The US and the Taliban had signed a deal in Doha on February 29 to end their nearly 19-year-old war in Afghanistan. A police spokesman told the AFP news agency that Taliban has launched intense attacks on military bases in Helmand over the past two days, killing at least 20 soldiers and cops. Mr Leggett has called on the Taliban to stop “needless attacks”.

Taliban-US deal

The deal paves the way for the withdrawal of US and NATO troops from Afghanistan over the next 14 months. The agreement is incumbent on the Taliban’s commitment on terrorism and ensuring the areas under its control are not used for plotting against the United States.Hailing the deal, President Donald Trump said: “It is time to bring our people back home, time for someone else to do that work.” “I really believe the Taliban wants to do something to show we’re not all wasting time. And if bad things happen, we’ll go back with a force like no-one’s ever seen,” he added.The Afghan war, the US’ longest and one of the bloodiest in recent history, killed nearly 100,000 people, including civilians, coalition and Afghan troops since it began in 2001 to hunt down then Al Qaeda chief Osama bin Laden after the terrorist attacks on the US.

India’s Reaction

External Affairs Minister S Jaishankar said that the western powers must ensure that the achievements made over the past 18 years in Afghanistan aren’t jeopardized. “To the US and to the West, our message has been that the achievements of the last 18 years, it is in the global interest that those achievements are secured and protected, they are not jeopardized in the process of whatever they do,” Mr Jaishankar said at an event in Delhi.

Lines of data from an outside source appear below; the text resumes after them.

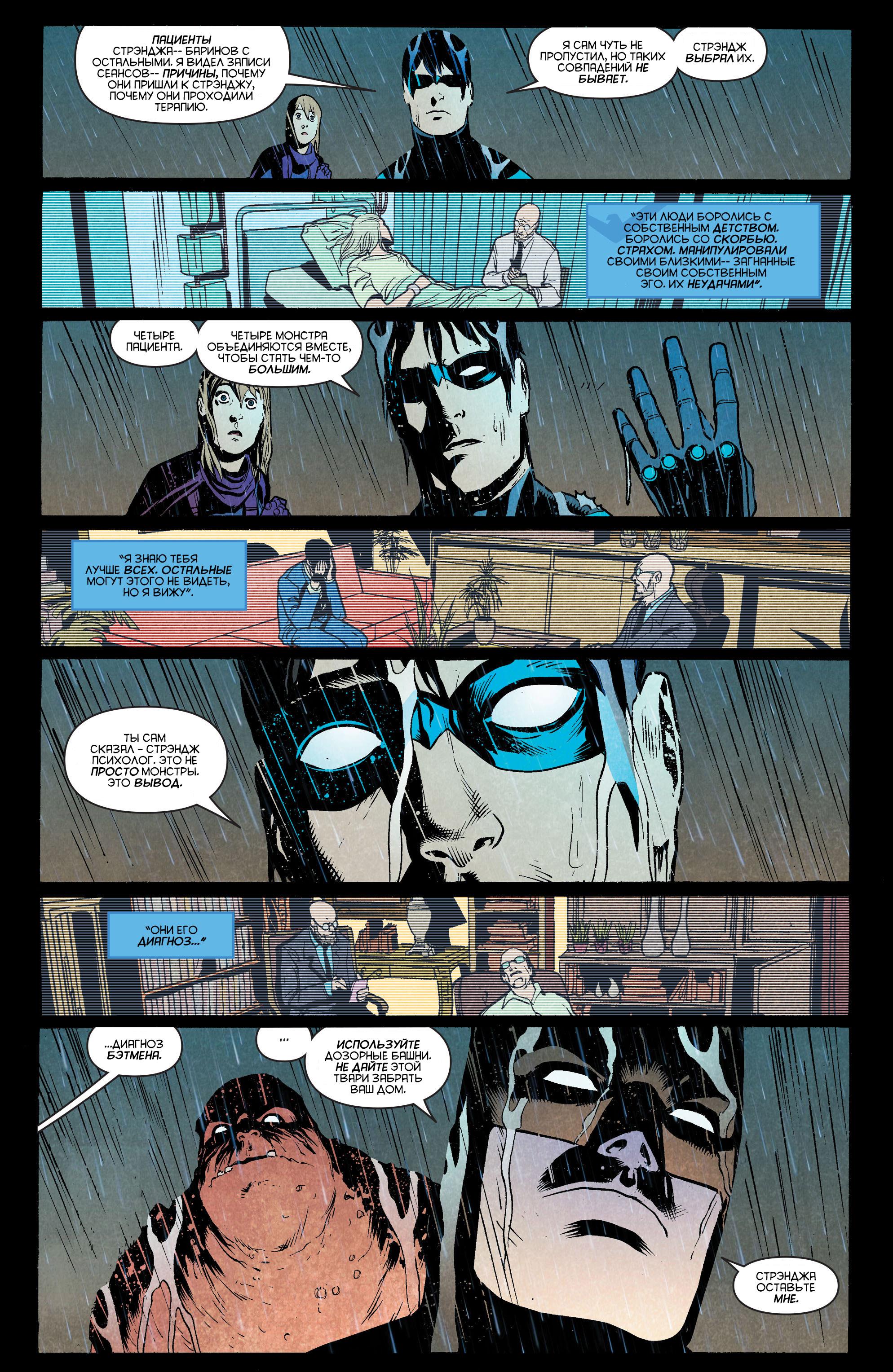 Read Batman Бэтмен Manga Online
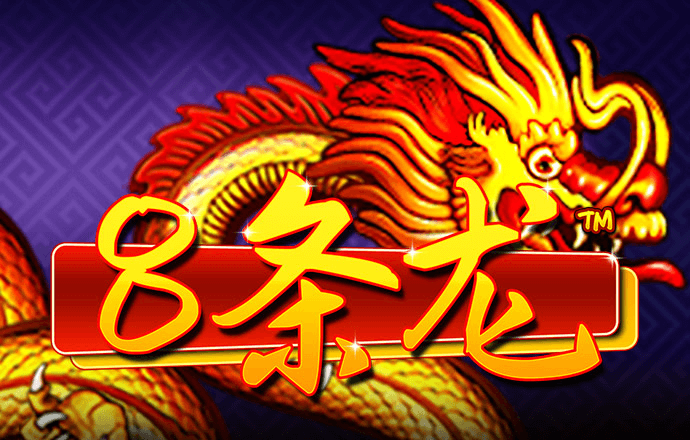 78m威久国际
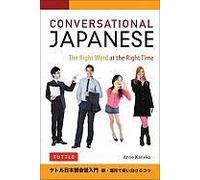 Conversational Japanese
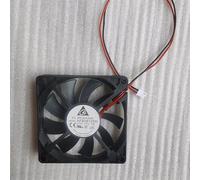 8025 AFB0812SH SP25 DC 12V 0.51A 80X80X25mm PC Ventilador de refrigeración para computadora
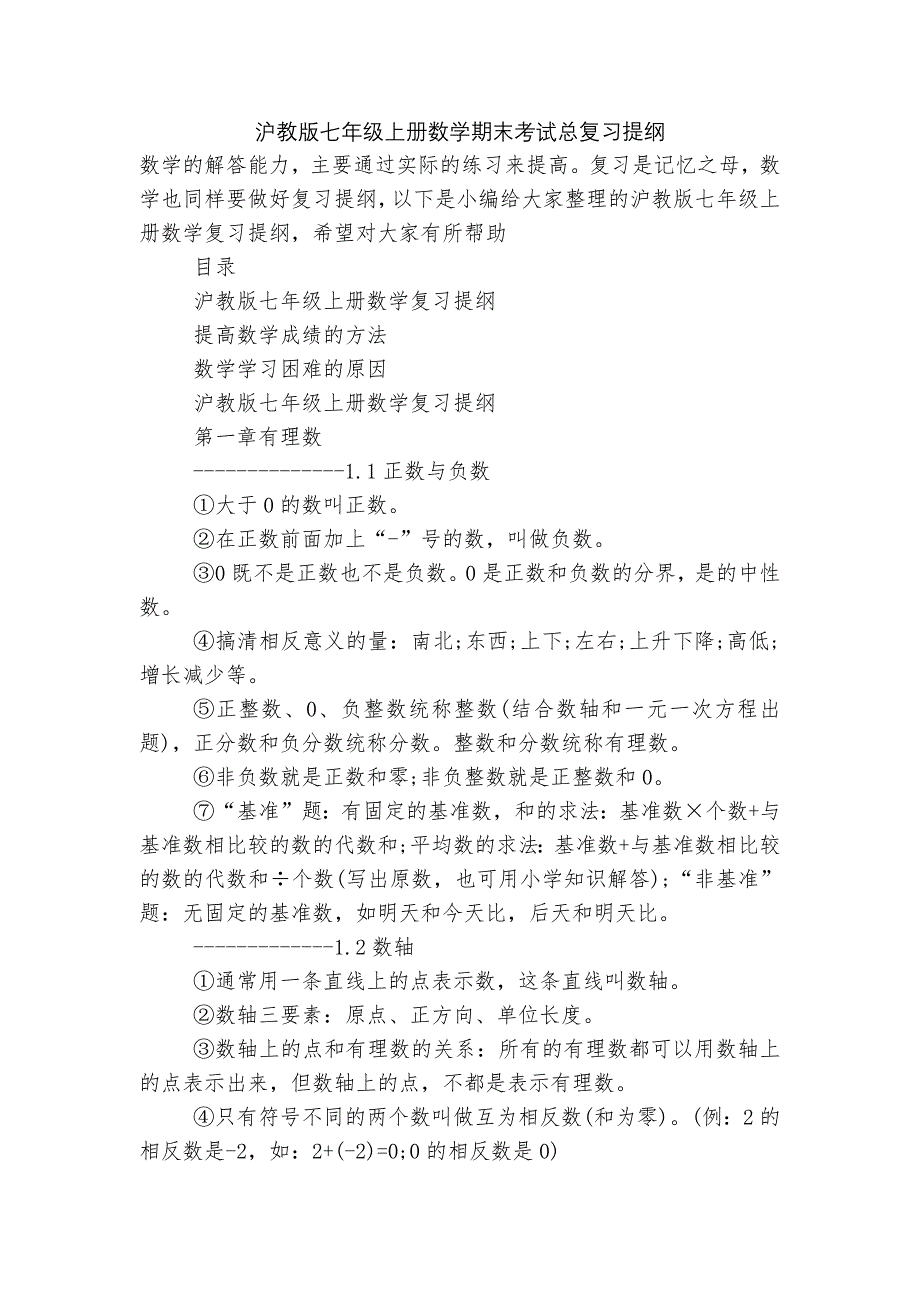 沪教版七年级上册数学期末考试总复习提纲_第1页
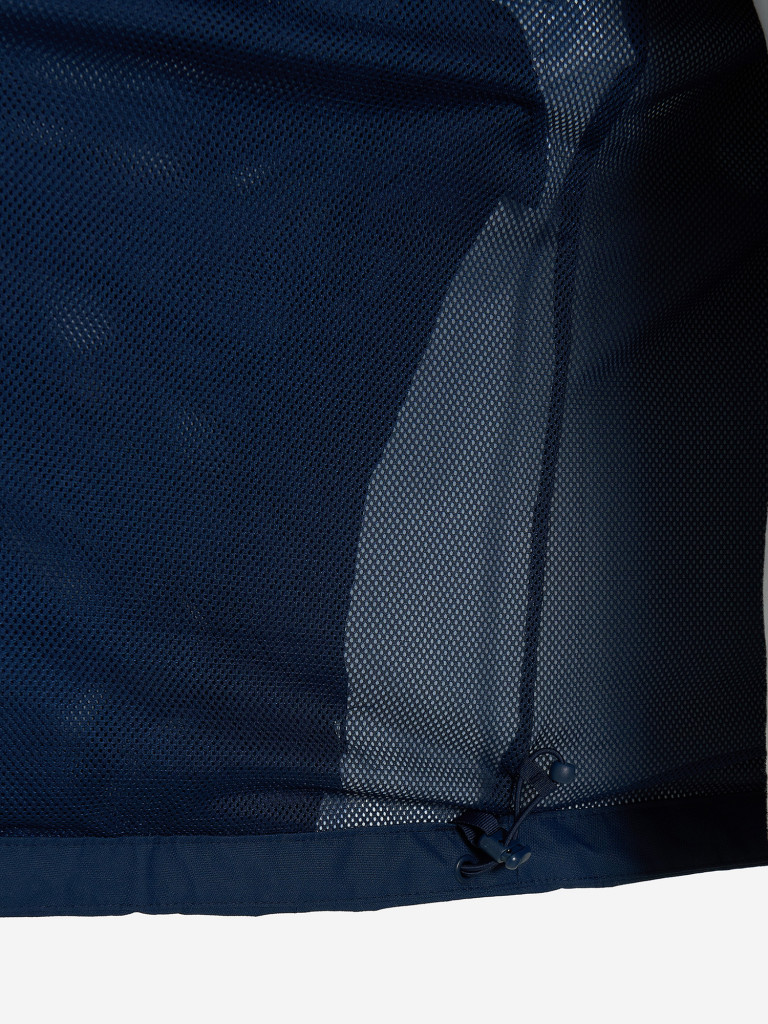 Куртка мембранная мужская Columbia Hikebound II Jacket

Mr Jaishankar stressed that the recent events did not come as a surprise since “everybody knew something like this was happening”; however, he said only time will tell the outcome of these actions, referring to the standing issues such as cohesion among the stakeholders, and whether the Taliban would join a democratic set-up. “There is a lot of interest in various countries that the neighbors of Afghanistan and those who have interests there also play some role,”  the said.